## Dataset content:
◆ ◆ ◆ ◆ ◆
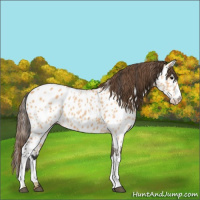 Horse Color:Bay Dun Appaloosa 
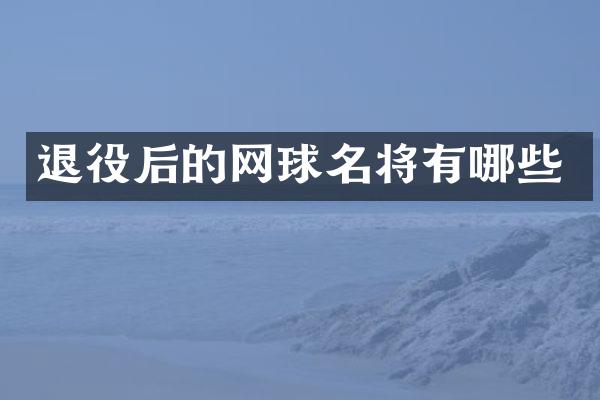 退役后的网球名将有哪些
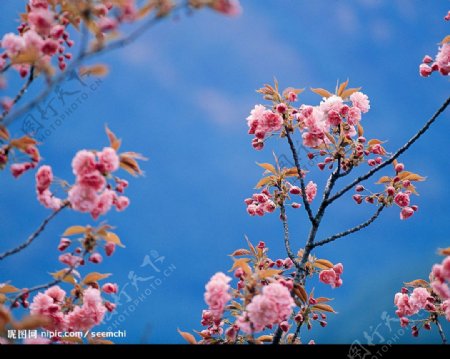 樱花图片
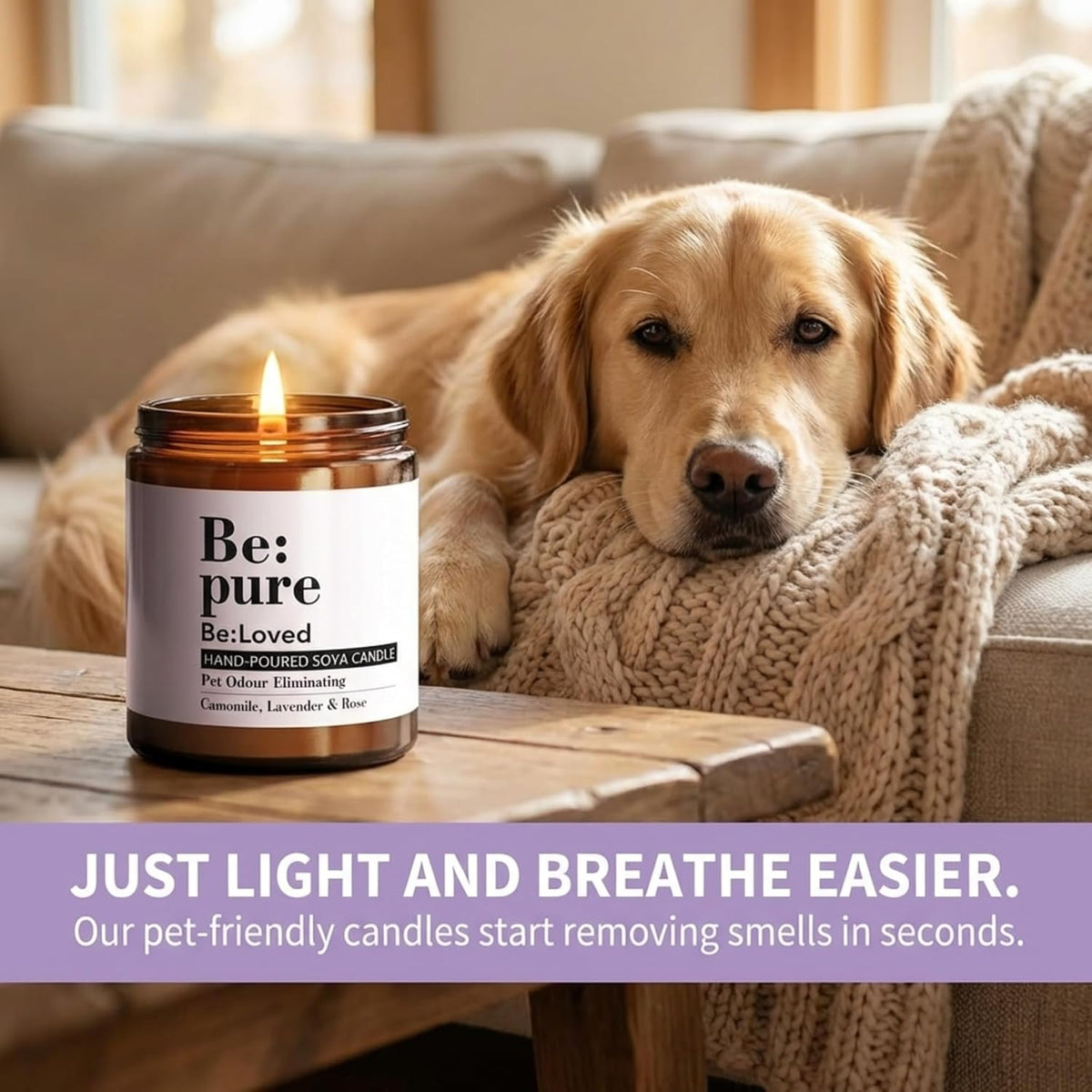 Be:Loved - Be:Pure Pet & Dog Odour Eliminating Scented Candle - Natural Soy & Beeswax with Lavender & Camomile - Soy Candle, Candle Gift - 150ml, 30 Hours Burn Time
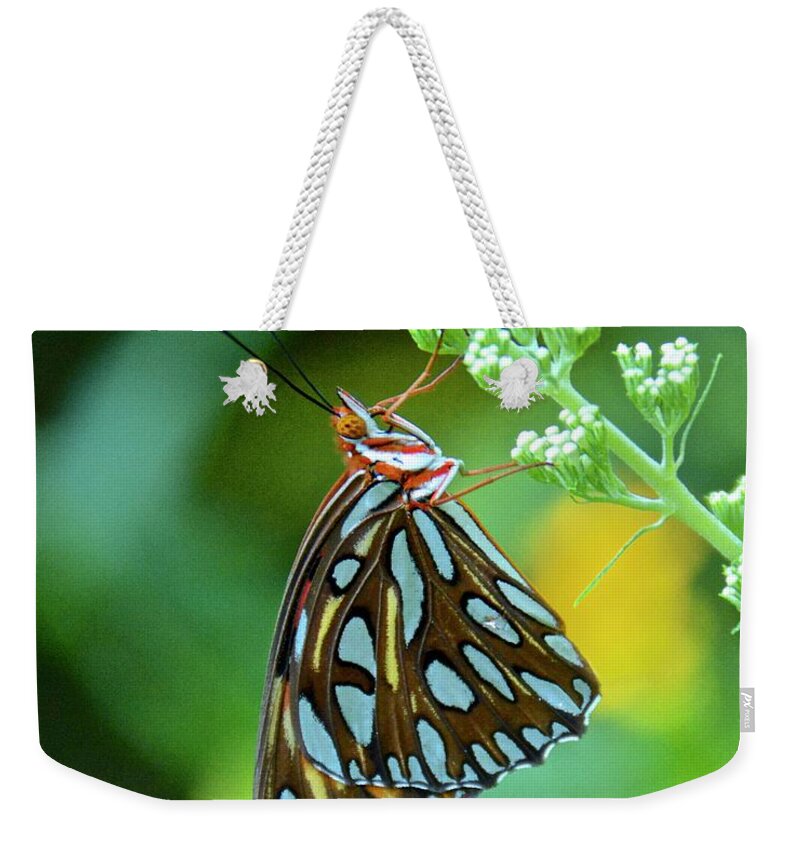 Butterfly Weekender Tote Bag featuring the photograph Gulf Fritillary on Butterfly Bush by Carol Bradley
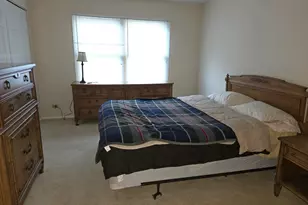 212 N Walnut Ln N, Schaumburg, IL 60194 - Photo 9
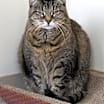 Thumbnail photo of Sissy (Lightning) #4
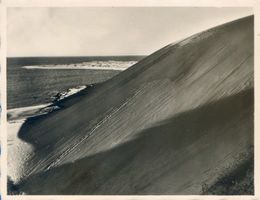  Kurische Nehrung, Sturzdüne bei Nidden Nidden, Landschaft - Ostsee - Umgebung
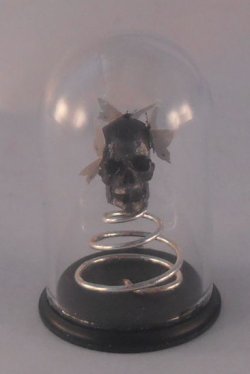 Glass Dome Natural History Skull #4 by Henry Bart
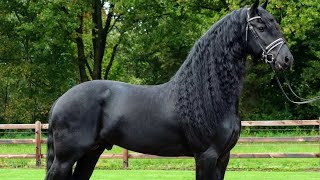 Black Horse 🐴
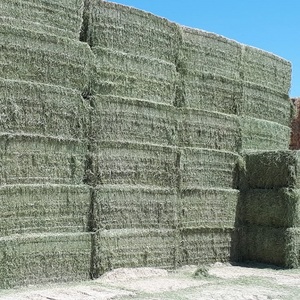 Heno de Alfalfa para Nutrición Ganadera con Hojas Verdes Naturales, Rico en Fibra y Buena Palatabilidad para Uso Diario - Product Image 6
◆ ◆ ◆ ◆ ◆
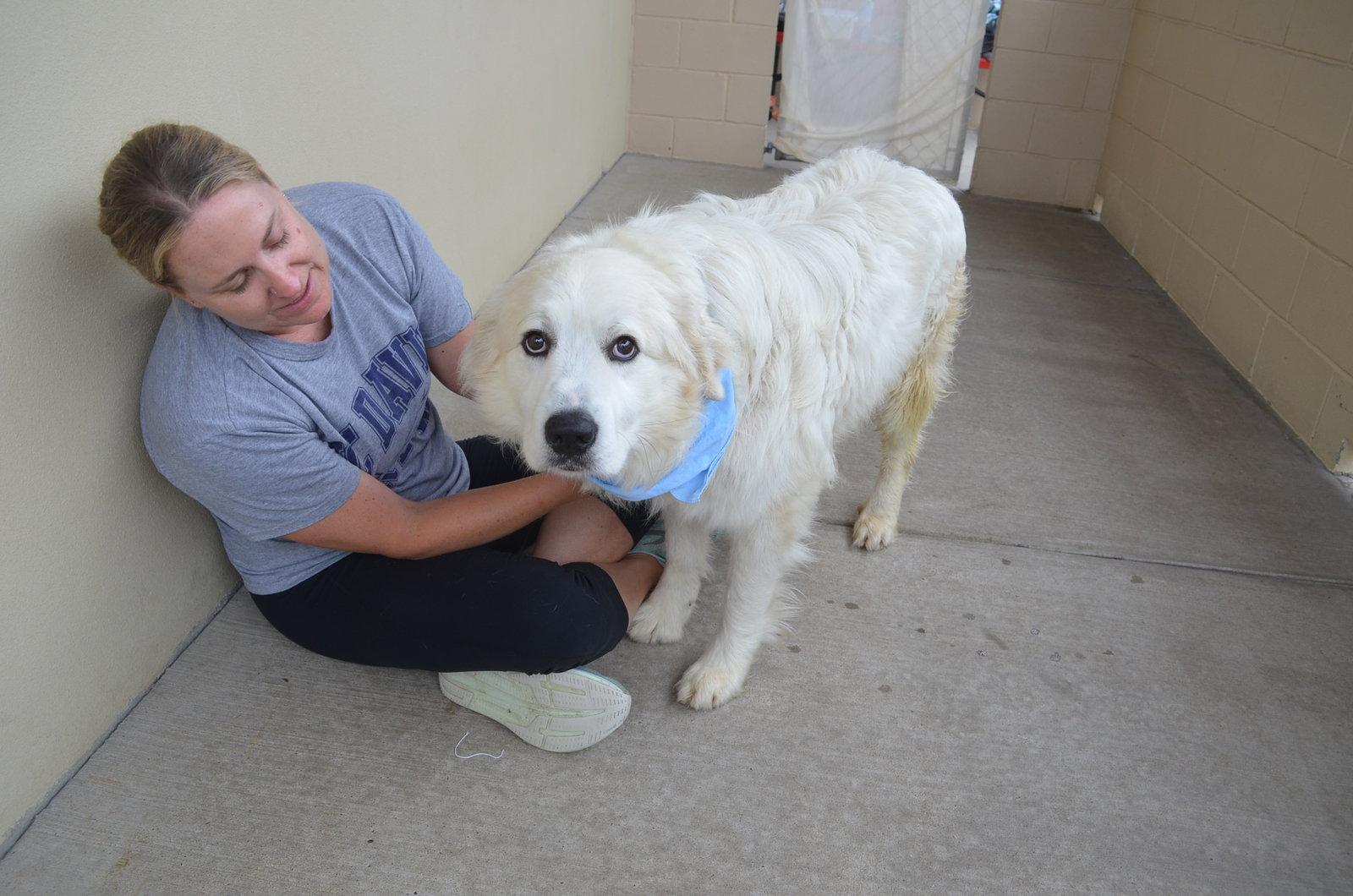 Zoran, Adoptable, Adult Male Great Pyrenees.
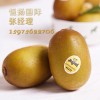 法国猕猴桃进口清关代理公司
◆ ◆ ◆ ◆ ◆
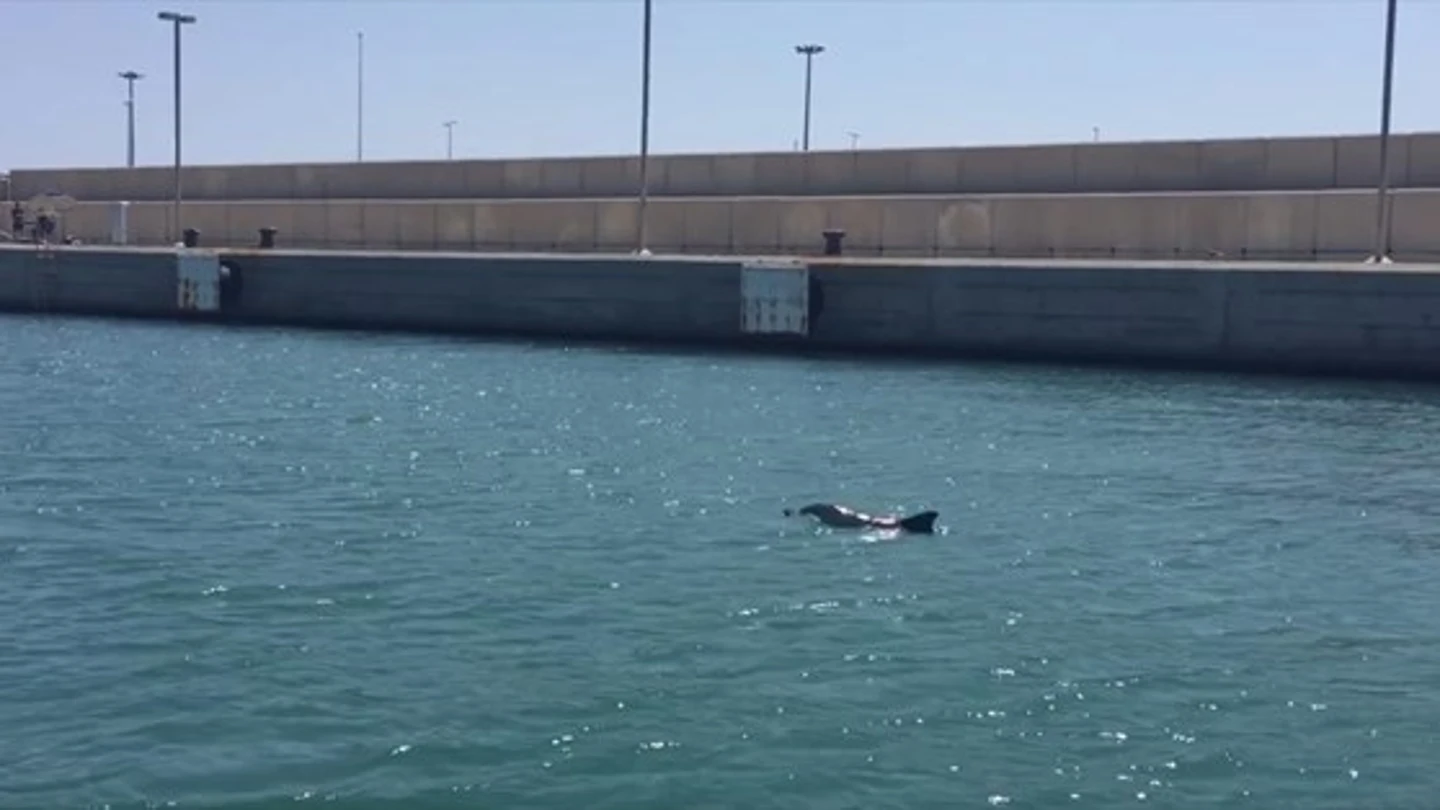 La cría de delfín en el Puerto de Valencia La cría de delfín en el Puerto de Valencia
◆ ◆ ◆ ◆ ◆
## Task statement:
Above, find the line with "Horse Color:Bay Dun Appaloosa"; copy it and every line down to the line with "Thumbnail photo of Sissy (Lightning) #4", exactly and both included, but no pictures.

## Exercise response:
 Horse Color:Bay Dun Appaloosa 
 退役后的网球名将有哪些
 樱花图片
 Be:Loved - Be:Pure Pet & Dog Odour Eliminating Scented Candle - Natural Soy & Beeswax with Lavender & Camomile - Soy Candle, Candle Gift - 150ml, 30 Hours Burn Time
 Butterfly Weekender Tote Bag featuring the photograph Gulf Fritillary on Butterfly Bush by Carol Bradley
 212 N Walnut Ln N, Schaumburg, IL 60194 - Photo 9
 Thumbnail photo of Sissy (Lightning) #4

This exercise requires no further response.